ECLI:NL:RBDHA:2023:15128
Rechtbank Den Haag
- Eerste aanleg - enkelvoudig
- Rechtspraak.nl
Beroep tegen niet tijdig nemen van besluit op aanvraag tot verlening van machtiging tot voorlopig verblijf
In deze zaak hebben eisers, waaronder een referent en zijn minderjarige kinderen, beroep ingesteld tegen het niet tijdig nemen van een besluit door de staatssecretaris van Justitie en Veiligheid op hun aanvraag om verlening van een machtiging tot voorlopig verblijf. De aanvraag is ingediend op 16 juni 2022, en de staatssecretaris had op basis van de Vreemdelingenwet 2000 binnen 90 dagen moeten beslissen, met de mogelijkheid tot verlenging van maximaal drie maanden. De beslistermijn is verlengd, maar uiteindelijk is er geen besluit genomen voor de deadline van 12 december 2022. Eisers hebben de staatssecretaris op 15 maart 2023 in gebreke gesteld, waarna het beroep op 31 maart 2023 is ingediend. De rechtbank heeft geoordeeld dat het beroep tijdig is ingediend en kennelijk gegrond is.
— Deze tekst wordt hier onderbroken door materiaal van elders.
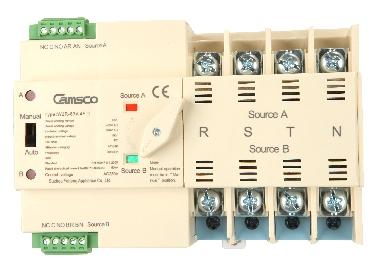 KONTAKTÖR İLE KIYAS + 4 IEC 60947 6 1 Standartlarında üre lir. Alçak gerilim anahtarlama ve kontrol düzenleri Bölüm 6: Çok fonksiyonlu donanım kısım 1 Otoma k aktarmalı anahtarlama donanımı.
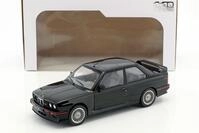 BMW M3 E30 Sport Evolution Baujahr 1990 schwarz 1:18 Solido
De rechtbank heeft de staatssecretaris opgedragen om binnen twintig weken na de uitspraak alsnog een besluit te nemen. Tevens is er een dwangsom van €100,- per dag opgelegd voor elke dag dat de termijn wordt overschreden, met een maximum van €7.500,-. De rechtbank heeft vastgesteld dat de staatssecretaris al €1.442 aan bestuurlijke dwangsommen heeft verbeurd. Daarnaast zijn de proceskosten van eisers vastgesteld op €418,50, en moet de staatssecretaris het griffierecht van €184 vergoeden. De uitspraak is gedaan door mr. S.E. van de Merbel, rechter, en is openbaar gemaakt.